[llvm] [Exegesis][RISCV] Add initial RVV support (PR #128767)

Thu Feb 27 10:07:07 PST 2025

================
@@ -24,10 +32,574 @@
 namespace llvm {
 namespace exegesis {
 
+static cl::opt<bool>
+    OnlyUsesVLMAXForVL("riscv-vlmax-for-vl",
+                       cl::desc("Only enumerate VLMAX for VL operand"),
+                       cl::init(false), cl::Hidden);
+
+static cl::opt<bool>
+    EnumerateRoundingModes("riscv-enumerate-rounding-modes",
+                           cl::desc("Enumerate different FRM and VXRM"),
+                           cl::init(true), cl::Hidden);
+
+static cl::opt<std::string>
+    FilterConfig("riscv-filter-config",
+                 cl::desc("Show only the configs matching this regex"),
+                 cl::init(""), cl::Hidden);
+
 #include "RISCVGenExegesis.inc"
 
 namespace {
 
+template <class BaseT> class RISCVSnippetGenerator : public BaseT {
+  static void printRoundingMode(raw_ostream &OS, unsigned Val, bool UsesVXRM) {
+    if (UsesVXRM) {
+      assert(RISCVVXRndMode::isValidRoundingMode(Val));
+      OS << RISCVVXRndMode::roundingModeToString(
+          static_cast<RISCVVXRndMode::RoundingMode>(Val));
+    } else {
+      assert(RISCVFPRndMode::isValidRoundingMode(Val));
+      OS << RISCVFPRndMode::roundingModeToString(
+          static_cast<RISCVFPRndMode::RoundingMode>(Val));
+    }
+  }
+
+  static constexpr unsigned MinSEW = 8;
+  // ELEN is basically SEW_max.
+  unsigned ELEN = 64;
+
+  // We can't know the real min/max VLEN w/o a Function, so we're
+  // using the VLen from Zvl.
+  unsigned ZvlVLen = 32;
+
+  /// Mask for registers that are NOT standalone registers like X0 and V0
+  BitVector AggregateRegisters;
+
+  // Returns true when opcode is available in any of the FBs.
+  static bool
+  isOpcodeAvailableIn(unsigned Opcode,
+                      ArrayRef<RISCV_MC::SubtargetFeatureBits> FBs) {
+    FeatureBitset RequiredFeatures = RISCV_MC::computeRequiredFeatures(Opcode);
+    for (uint8_t FB : FBs) {
+      if (RequiredFeatures[FB])
+        return true;
+    }
+    return false;
+  }
+
+  static bool isRVVFloatingPointOp(unsigned Opcode) {
+    return isOpcodeAvailableIn(Opcode,
+                               {RISCV_MC::Feature_HasVInstructionsAnyFBit});
+  }
+
+  // Get the element group width of each vector cryptor extension.

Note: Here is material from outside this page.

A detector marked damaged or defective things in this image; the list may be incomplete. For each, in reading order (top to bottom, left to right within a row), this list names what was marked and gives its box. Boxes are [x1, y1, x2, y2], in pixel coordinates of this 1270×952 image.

+  static unsigned getZvkEGWSize(unsigned Opcode, unsigned SEW) {
+    using namespace RISCV_MC;
+    if (isOpcodeAvailableIn(Opcode, {Feature_HasStdExtZvkgBit,
+                                     Feature_HasStdExtZvknedBit,
+                                     Feature_HasStdExtZvksedBit}))
+      return 128U;
+    if (isOpcodeAvailableIn(Opcode, {Feature_HasStdExtZvkshBit}))
+      return 256U;
+    if (isOpcodeAvailableIn(Opcode, {Feature_HasStdExtZvknhaOrZvknhbBit}))

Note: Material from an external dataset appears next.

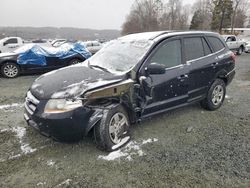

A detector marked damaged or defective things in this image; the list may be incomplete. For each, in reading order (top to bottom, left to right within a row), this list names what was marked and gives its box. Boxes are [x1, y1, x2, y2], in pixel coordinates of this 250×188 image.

crumpled hood [30, 64, 124, 99]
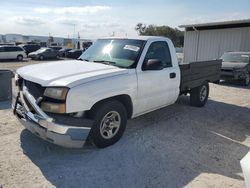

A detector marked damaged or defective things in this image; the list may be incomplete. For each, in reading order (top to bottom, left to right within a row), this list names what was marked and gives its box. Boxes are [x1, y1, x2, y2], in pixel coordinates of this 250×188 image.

crumpled front bumper [12, 85, 93, 148]
damaged pickup truck [13, 37, 221, 148]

+      // In Zvknh[ab], when SEW=64 is used (i.e. Zvknhb), EGW is 256.
+      // Otherwise it's 128.
+      return SEW == 64 ? 256U : 128U;
+
+    llvm_unreachable("Unsupported opcode");
+  }
+
+  // A handy utility to multiply or divide an integer by LMUL.
+  template <typename T> static T multiplyLMul(T Val, RISCVVType::VLMUL VLMul) {
+    auto [LMul, IsFractional] = RISCVVType::decodeVLMUL(VLMul);
+    return IsFractional ? Val / LMul : Val * LMul;
+  }
+
+  /// Return the denominator of the fractional (i.e. the `x` in .vfx suffix) or
+  /// nullopt if BaseOpcode is not a vector sext/zext.

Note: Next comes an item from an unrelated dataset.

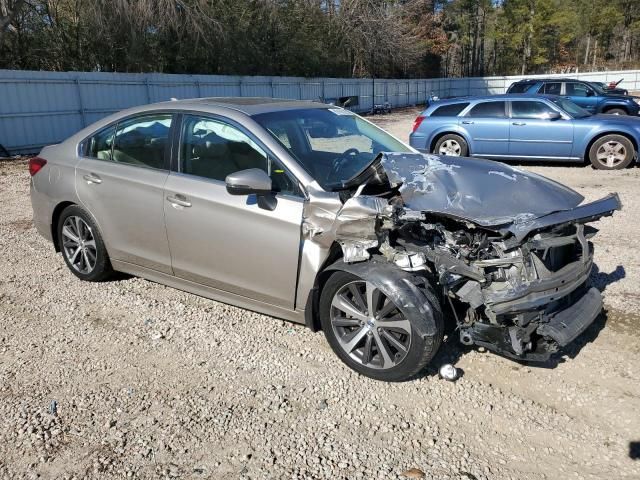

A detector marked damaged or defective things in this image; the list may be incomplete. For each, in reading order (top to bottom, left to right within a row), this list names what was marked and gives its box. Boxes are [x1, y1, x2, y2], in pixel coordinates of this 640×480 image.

shattered windshield [254, 107, 410, 189]
crumpled hood [380, 154, 584, 229]
severe front damage [304, 154, 620, 360]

+  static std::optional<unsigned> isRVVSignZeroExtend(unsigned BaseOpcode) {
+    switch (BaseOpcode) {
+    case RISCV::VSEXT_VF2:
+    case RISCV::VZEXT_VF2:
+      return 2;
+    case RISCV::VSEXT_VF4:
+    case RISCV::VZEXT_VF4:
+      return 4;
+    case RISCV::VSEXT_VF8:
+    case RISCV::VZEXT_VF8:
+      return 8;
+    default:
+      return std::nullopt;
+    }
+  }
+
+  void annotateWithVType(const CodeTemplate &CT, const Instruction &Instr,
+                         unsigned BaseOpcode,
+                         const BitVector &ForbiddenRegisters,
+                         std::vector<CodeTemplate> &Result) const;
+
+public:
+  RISCVSnippetGenerator(const LLVMState &State,
+                        const SnippetGenerator::Options &Opts)
+      : BaseT(State, Opts),
+        AggregateRegisters(State.getRegInfo().getNumRegs(), /*initVal=*/true) {
+    // Initialize standalone registers mask.
+    const MCRegisterInfo &RegInfo = State.getRegInfo();
+    const unsigned StandaloneRegClasses[] = {
+        RISCV::GPRRegClassID, RISCV::FPR16RegClassID, RISCV::VRRegClassID};
+
+    for (unsigned RegClassID : StandaloneRegClasses)
+      for (unsigned Reg : RegInfo.getRegClass(RegClassID))
+        AggregateRegisters.reset(Reg);
+
+    // Initialize ELEN and VLEN.
+    // FIXME: We could have obtained these two constants from RISCVSubtarget
+    // but in order to get that from TargetMachine, we need a Function.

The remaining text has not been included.